Looking at the first few packets:
ADDRESS AND CONTEXT: addr = 0xffffff80080fbfc4 EL = 0x1 SF = 0x1 NS = NON_SECURE V = 0x0 VMID = 0x0 CONTEXT_ID = 0x0 <00f4:85 71 5f 0f 08 80 ff ff ff 31 >
This is the start address of the traced section of the program
ATOM packet format 2: ATOMS: N, E, <00fe:da >
These are a couple of branch elements - one branch not taken, one branch taken
The decoder will then get the program image for the code loaded at 0xffffff80080fbfc4 and examine consecutive opcodes till one matches a branch instruction (or other program flow element)
<dequeue_entity+0xa94> ffffff80080fbfc4: b9401b40 ffffff80080fbfc8: 8b204301 ffffff80080fbfcc: f10ffc3f N ffffff80080fbfd0: 54002028 b.hi ffffff80080fc3d4 <dequeue_entity+0xea4>
Here the decoder walks four instructions and finds the B.HI instruction, which it associates the N atom with. This it can disassemble to calculate the direct target address, so this address is not output in the trace.
The previous three instructions are implied as executed as well. This trace client decoder is simply not providing any disassembly for them.

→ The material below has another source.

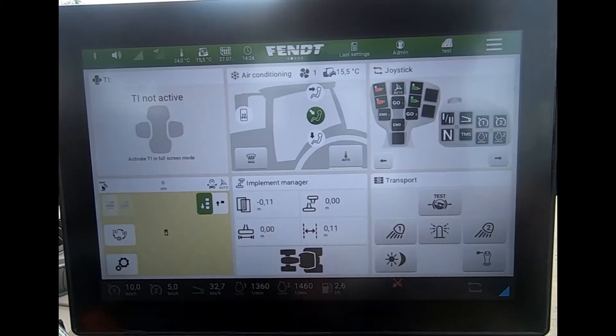If I have a tractor with guidance, I can activate a quick steer feature, which just helps speed up the steering angles. I can go to a full lock in a reduced number of turns of the steering wheel.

This is not taken so decode continues with the next instruction.
ffffff80080fbfd4: 9b1c7f04 ffffff80080fbfd8: 2a1803ea ffffff80080fbfdc: 52800001 ffffff80080fbfe0: d34afc87 E ffffff80080fbfe4: b5003519 cbnz x25, ffffff80080fc684 <dequeue_entity+0x1154>
Walk 5 instructions to find an indirect branch that is taken, associates the E atom. Again all 5 instructions have been executed. The branch target cannot be calculated from the instruction, so the trace has to output the target address:
ADDRESS AND CONTEXT:L_64_IS0 addr = 0xffffff80080fc684 <00ff:9d 21 63 0f 08 80 ff ff ff >
This is then used to determine where trace continues from - 0xffffff80080fc684
And so on......
The OpenCSD library itself does no disassembly - other than that necessary detection of key instructions and calculation of target addresses. It will take in the raw trace and the program image supplied by a client (e.g. perf) and output information that the client can use for further processing.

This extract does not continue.